Frankie Shirt Sew Along Part Two: Cutting and Marking

​Welcome to the Frankie Sew Along! Today we are going to cover all the prep work you need to do before you can start sewing. Cutting, marking, gathering your notions, and perfecting your finishing techniques. Taking a little time up front to start your project the right way will pay off in the end. Let's get sewing!

In our last post, we talked about finding our correct size and making any needed pattern adjustments, see that post here if you missed it. When making your first Frankie Shirt, we recommend using a woven fabric like a medium-weight cotton, linen or silk. Assuming by this point you have chosen your fabric, now is the time to pre-treat. Choose the cleaning method for your finished garment. Test that method on a 4ʺ square of fabric before you start. This way you can check for shrinkage or any damage. Once you have decided on a cleaning method, go ahead and apply that to the rest of your fabric. While you are washing your fabric, why not head over and join our Sew Along Facebook Group? Here you can easily ask questions, post pictures of your project and see what everyone is working on!

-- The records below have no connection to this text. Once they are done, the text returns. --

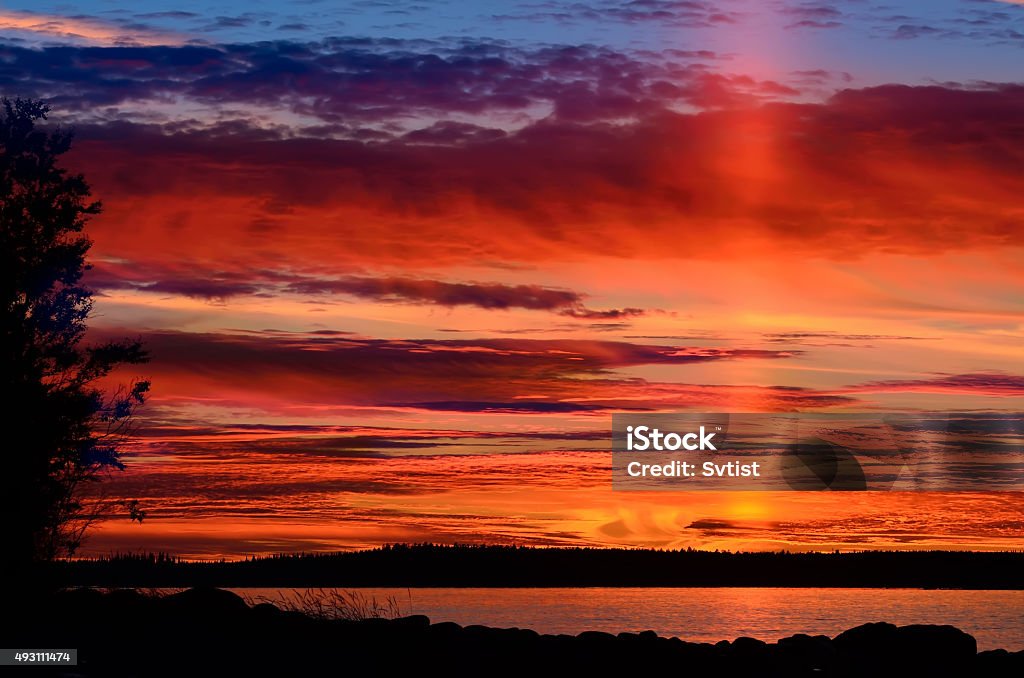 The last ray of the setting sun. Karelia, Russia Last ray of the setting sun. Northern Karelia, Russia 2015 Stock Photo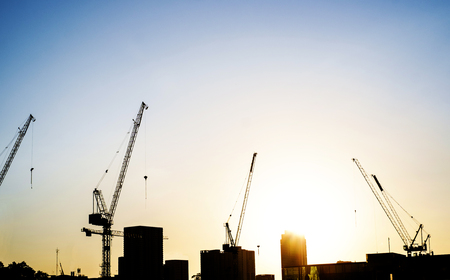 Industrial landscape with silhouettes of cranes on the sunset backgroundの写真素材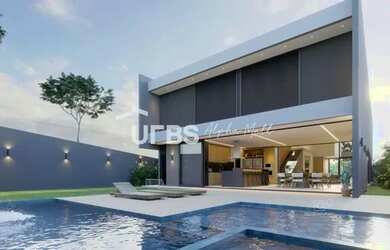 Imagem: A casa possui 4 Dormitórios, 5 Banheiros, 5 Vagas na garagem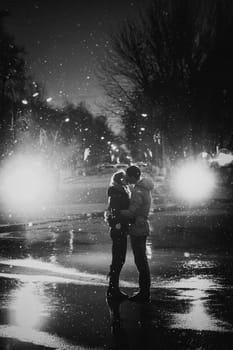 In love couple kissing in the snow at night city street black and white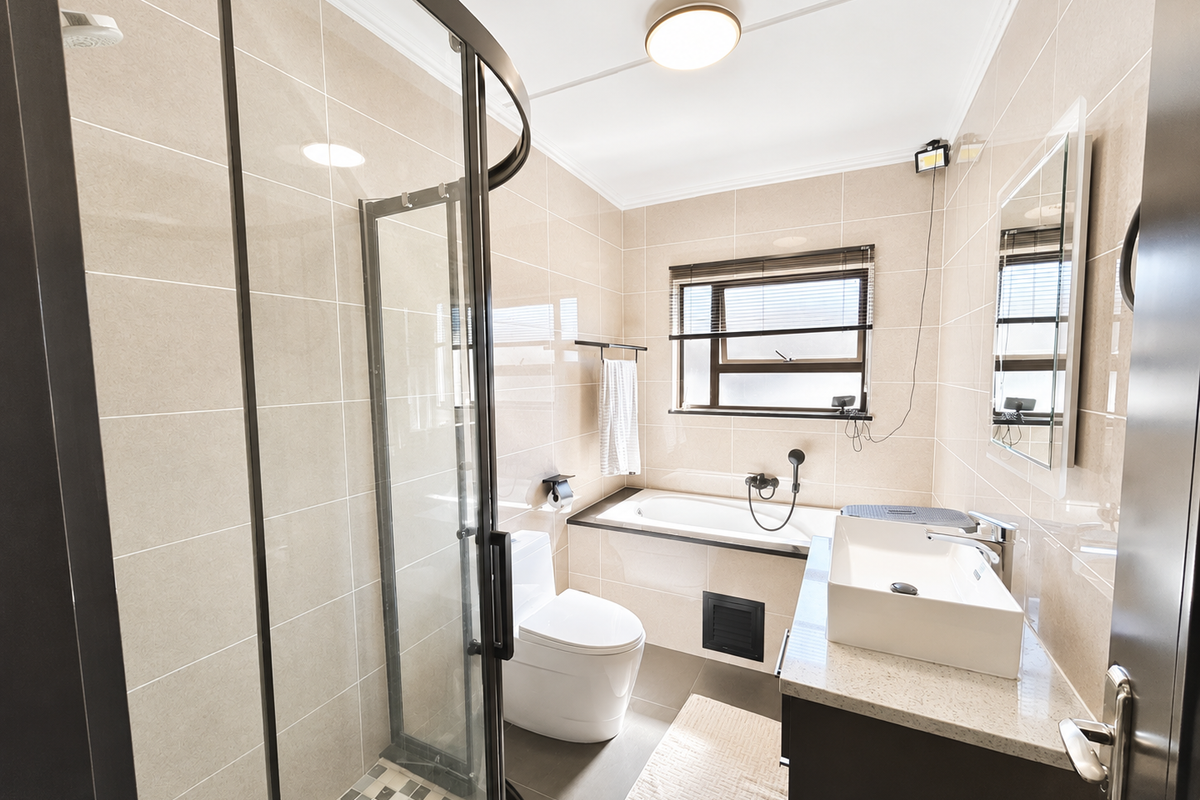 Modern bathroom featuring a glass shower enclosure, built-in bathtub, contemporary vanity basin with stone countertop, and neutral floor-to-ceiling wall tiling.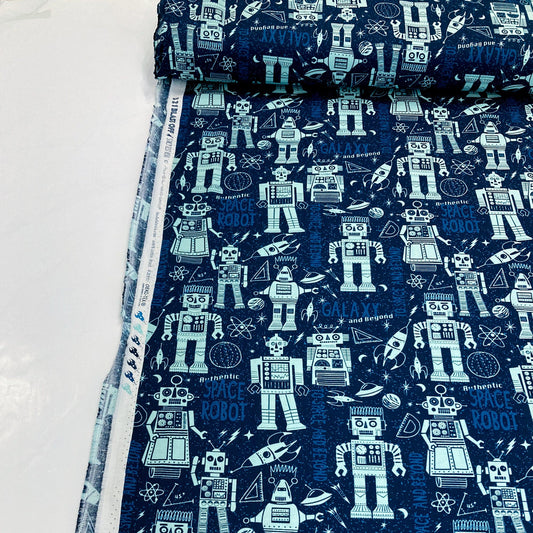 Bolt of quilting cotton fabric with robot pattern on a blue background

Now let's establish the straight of grain.  As Linda says, this is one of the most important but often the most skipped step of the garment sewing process. It is vital that the pattern is cut on the straight grain of the fabric because this will keep your project from stretching out of shape or not hanging correctly. To find the straight of grain, snip into the fabric along one selvage edge and either tear across the crossgrain (or the weft of the fabric) or pull a thread across the width and cut along the loosened thread line. This will give you a straight edge where the warp and weft grains are at a 90 degree angle.

Now it is finally time to cut. Follow the pattern layout for your size/fabric width. You will notice that we have you cut each piece on a single layer of fabric. We have found that this creates a cleaner cut on the pattern piece. However, it is important to remember to flip any pattern that you cut out twice, in this case the Upper and Under Sleeve as well as the Front/Side Back piece. Make sure you have mirror images for the pieces and haven't cut out the same piece twice. 

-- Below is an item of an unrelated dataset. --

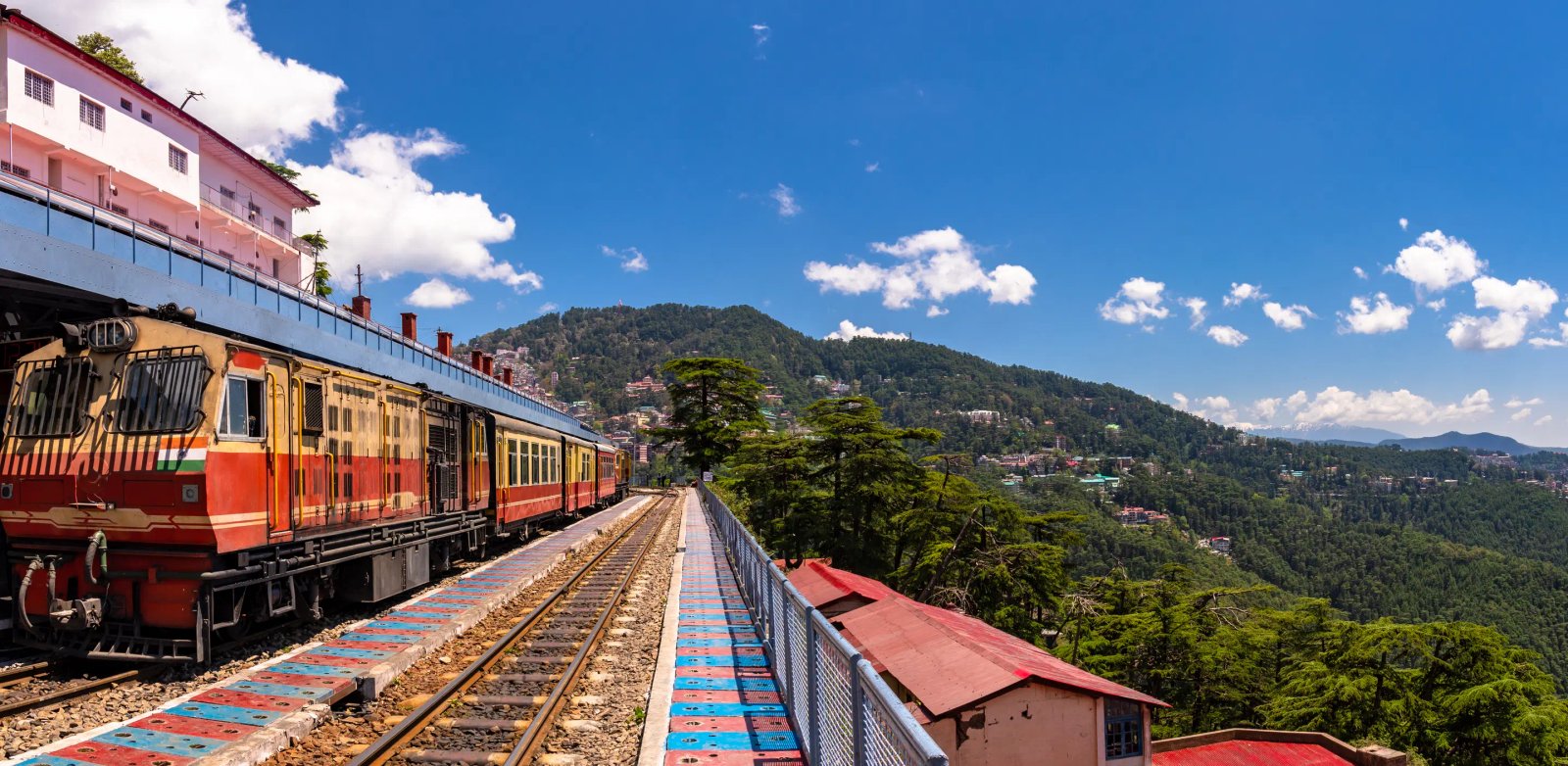 Traditional mountain wooden architecture facing towering Himalayan peaks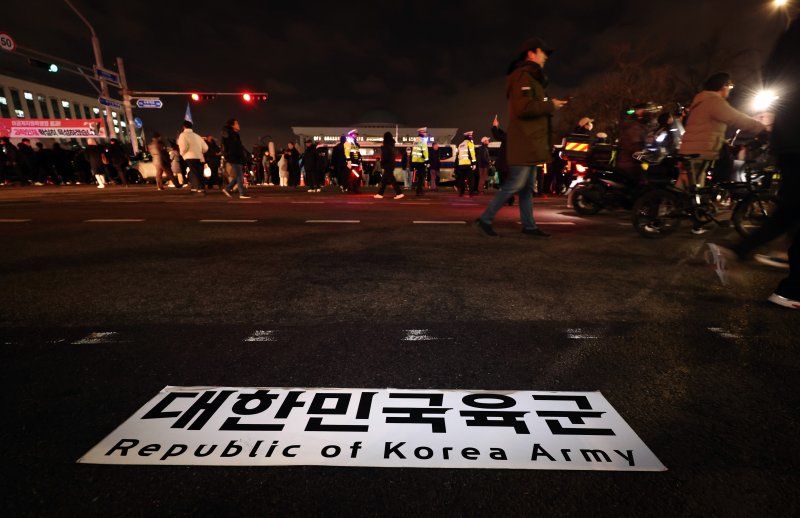 윤석열 대통령이 비상계엄령을 선포한 가운데 4일 새벽 서울 여의도 국회 앞에 육군 버스에 붙어 있는 현판이 떨어져 있다. 2024.12.4/뉴스1 ⓒ News1 구윤성 기자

Once your pattern pieces are cut, mark all your notches and dots immediately. I know some of you like to skip this step, but we don't recommend it! Pattern markings are essential to the sewing process. I start by snipping into my notches, as opposed to cutting triangles that protrude out. 

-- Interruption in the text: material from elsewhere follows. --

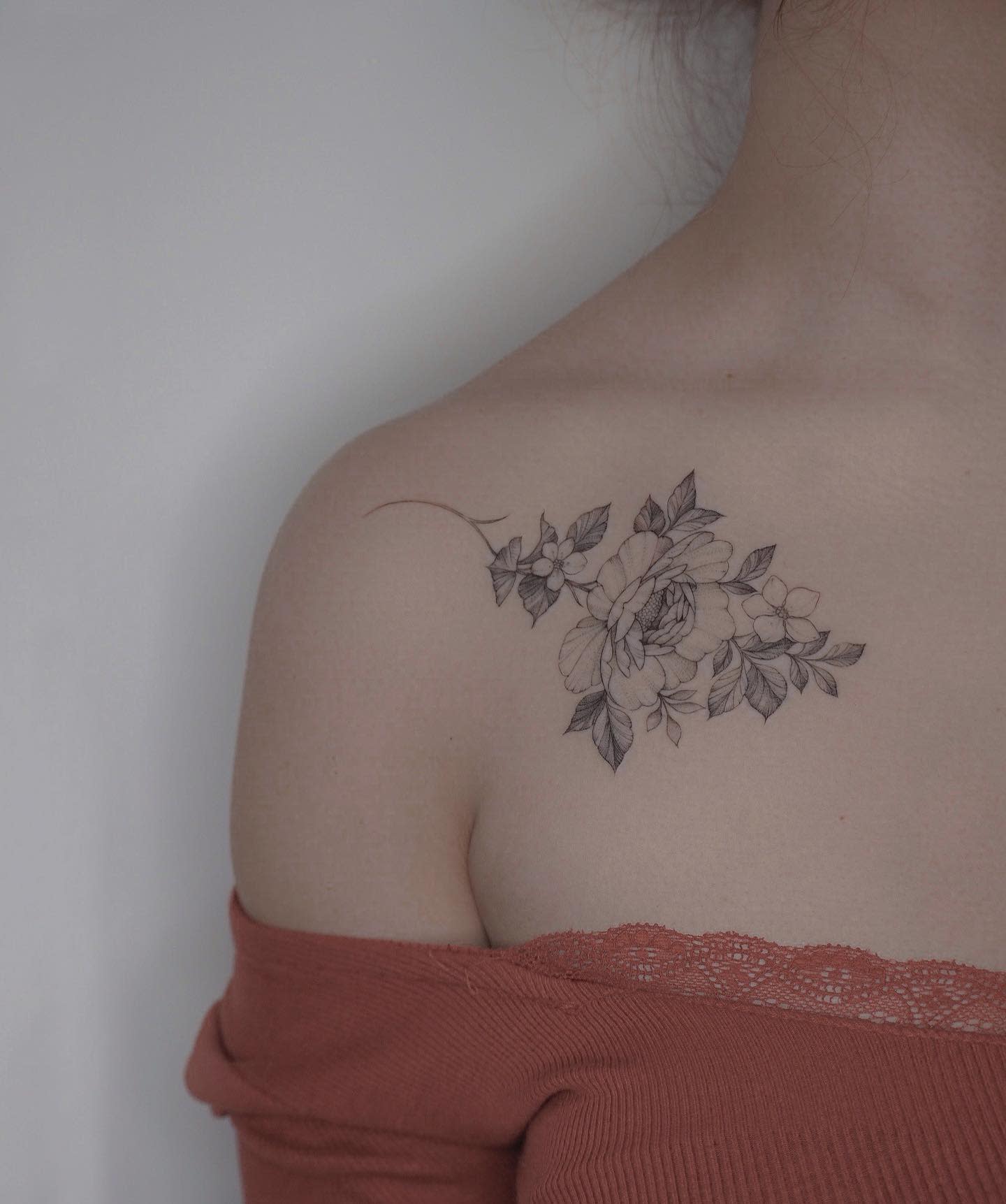 A woman with a floral tattoo on her shoulder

Now for the dots. Put away your marking pens and pencils. You are going to mark these with tailor's tacks. I know, it seems laborious and yes it takes a tiny bit more time than using a marker, but you will thank yourself in the end. I have to say that ever since I started using tailor's tacks, I haven't gone back to marking pens. Why? Because they stay in the fabric. They don't rub off, they don't disappear, you can leave the project for a week, come back to it and there they are, ready to help. If you use 100% silk thread for your tacks, you can sew through them and they still pull out easily.

  • Place pin through the point you want to mark.
  • Gently separate the pattern tissue from the fabric. Using a contrasting color of thread, take a single stitch where the pin enters the fabric, leaving a 1" thread tail.
  • Complete the stitch loop. Cut thread leaving another long tail.

In terms of finishing the seams of your Frankie, you have a few options. You can serge your seams with a three-thread serge stitch, which is what I will be showing. However, I know that not everyone has a serger. In that case you can simply pink your seam edges, or you might try the turn and stitch method. This fine sewing method will create a lovely clean finish.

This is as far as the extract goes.